I'm building a decision tree with rpart via the caret::train function. What I'm trying to do is to set the minsplit parameter of rpart equal to 1, in order to prune it afterwards with the cp. What I get from here is that the parameters should be passed in the ... of the train function. But this doesn't work. A minimal reproducible example:
mod1 <- train(Species ~ ., iris, method = "rpart", tuneGrid = expand.grid(cp = 0), minsplit=1)
mod2 <- rpart(Species ~ ., iris, cp=0, minsplit=1)
What I get is that mod1$finalModel and mod2 are quite different. I would like that mod1$finalModel was like mod2 (i.e., totally overfitted). I cannot pass the parameter either on the tuneGrid since it only accepts a cp column.

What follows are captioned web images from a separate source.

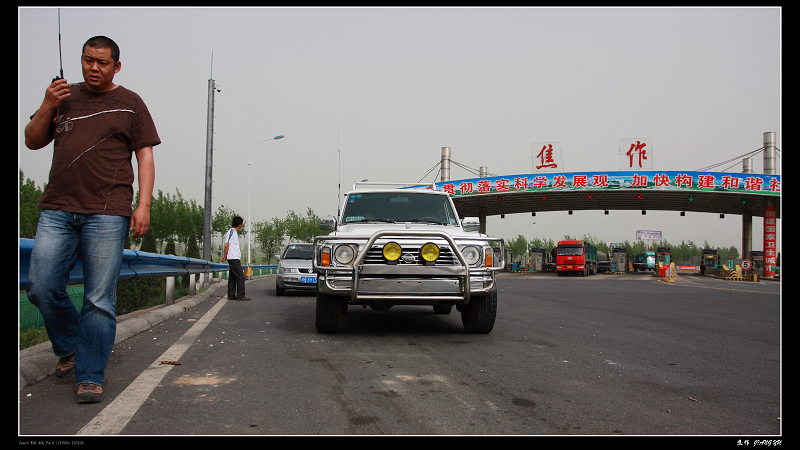 l20012.jpg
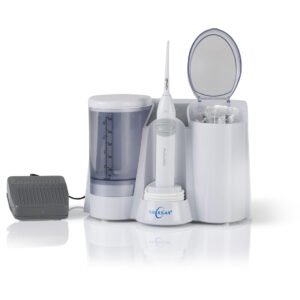EAR IRRIGATION KIT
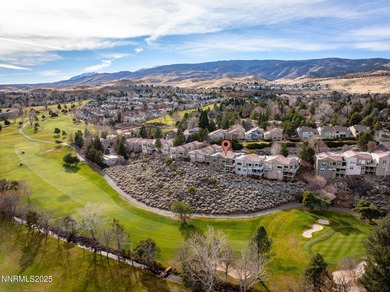 DON'T MISS THE OPEN HOUSE ON SUNDAY, 1/18 FROM NOON TO 2PM!! on LakeRidge Golf Course in Nevada - for sale on GolfHomes.com, golf home, golf lot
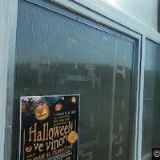 DLABAČ VÁCLAV-STAVEBNINY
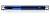 Powersoft M20D HDSP+ETH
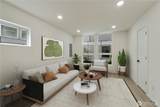 9002 15th Avenue - Photo 9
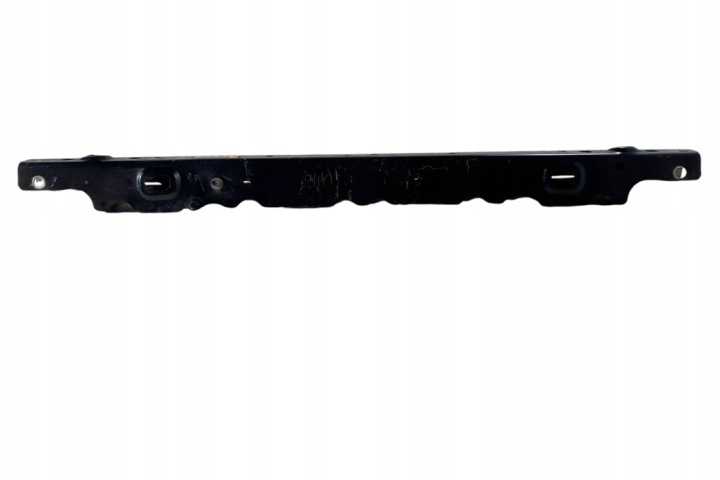 фото №6, Комплект радіатор chevrolet malibu 84020973 1.5l бензин 122kw 2020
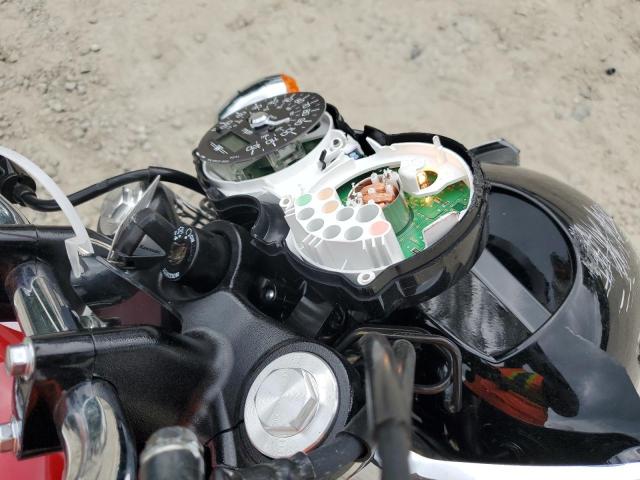2022 KAWASAKI EJ800 D - JKBEJCD17NA004125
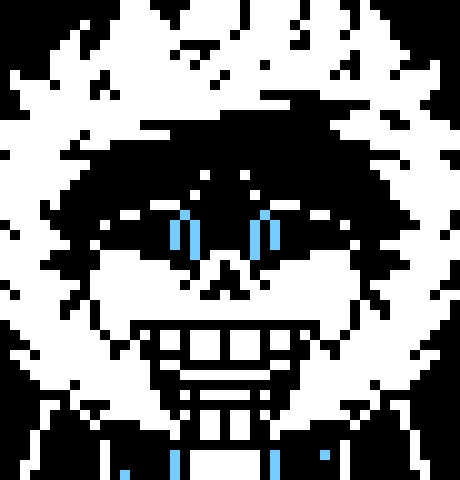 [7c78a2] *wakes up and shakily gets up*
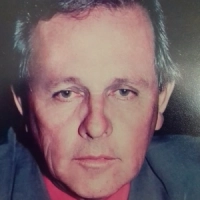 Getúlio dos Santos Pagano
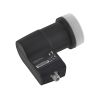 Конвертор Black Premium Selected Single IDLB-SINL41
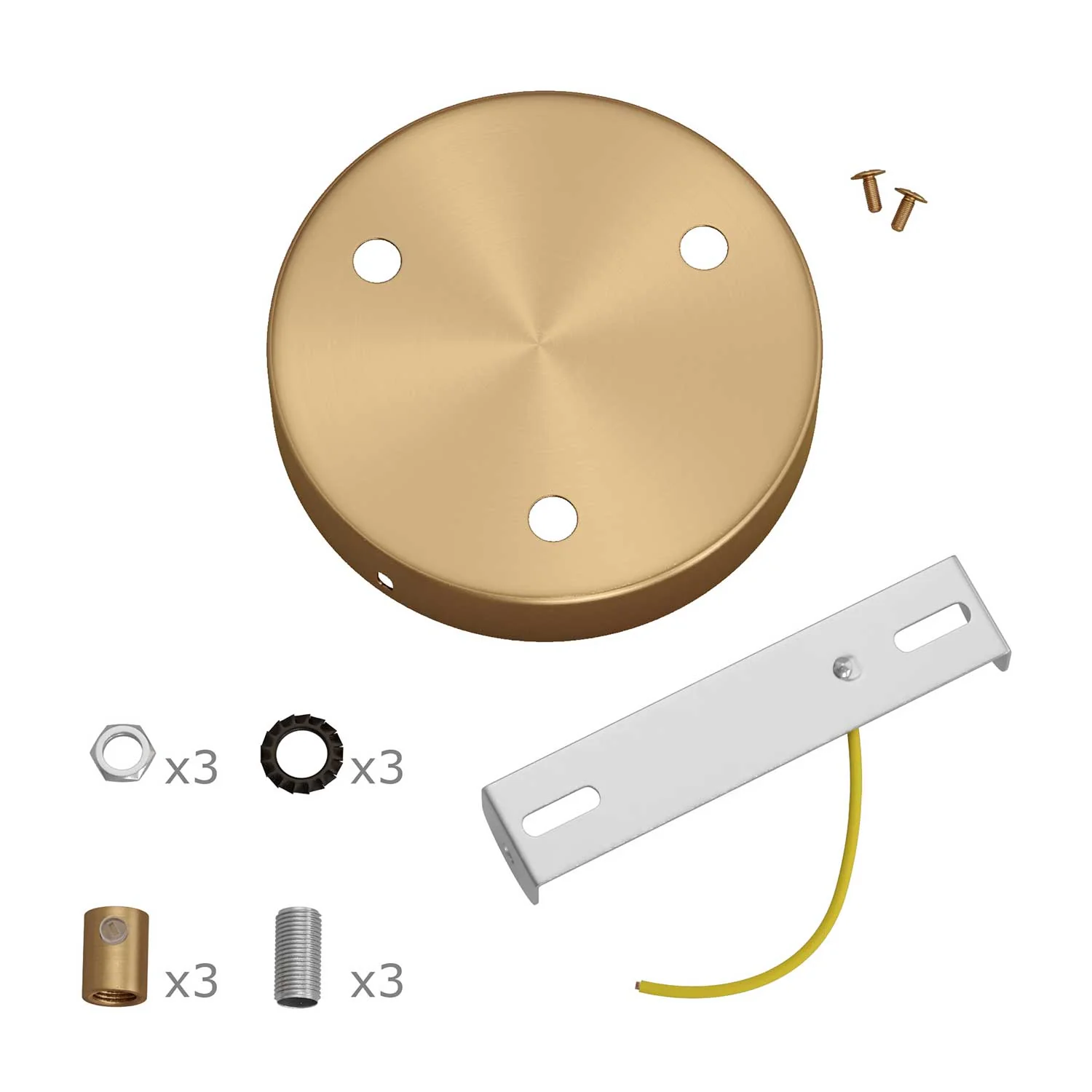 Image du produit 8
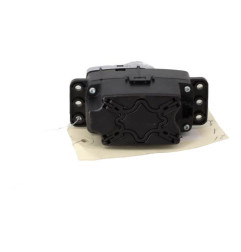 Commande GPS MERCEDES CLASSE B 246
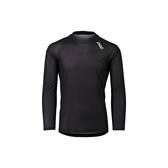 POC MTB Pure Long Sleeve Jersey - Adventure365 Ontario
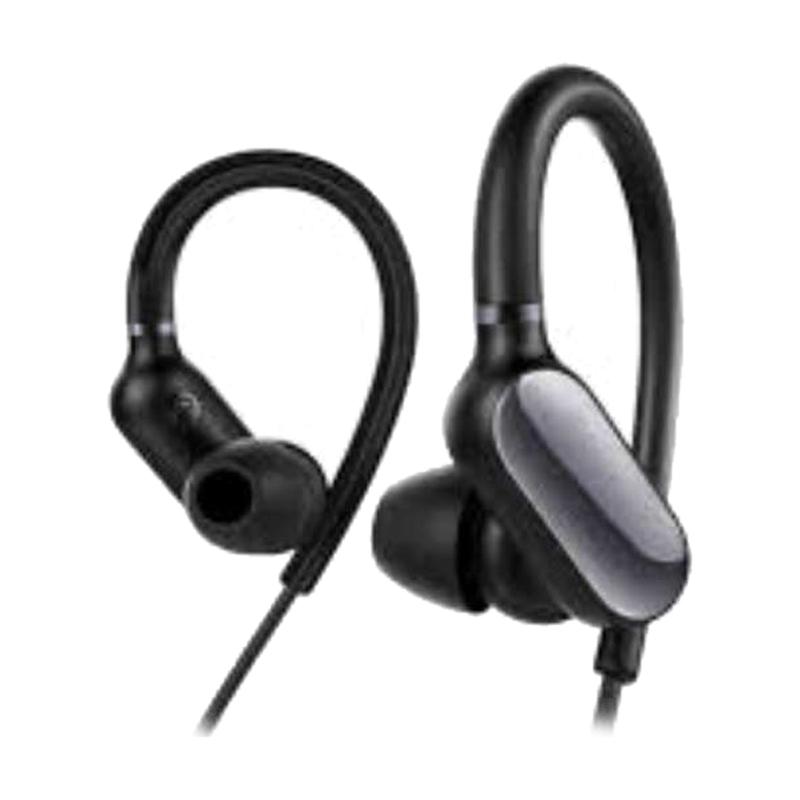 earphone headset youth edition original mi sport bluetooth v4 1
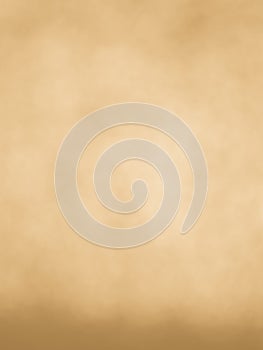 Retro coffee coloured Blur Background: Stock Photos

So my question is: is there anyway in caret to pass the argument minsplit=1 in the train function and then cross validate over the cp parameter?
Ok, thanks to this post I figured out how to do it:
mod1 <- train(Species ~ ., iris, method = "rpart",
control = rpart.control(minsplit = 1, minbucket = 1))
I'm still not quite sure why the argument has to be passed via control = rpart.control(). Passing just the arguments minsplit = 1, minbucket = 1 directly to the train function simply doesn't work.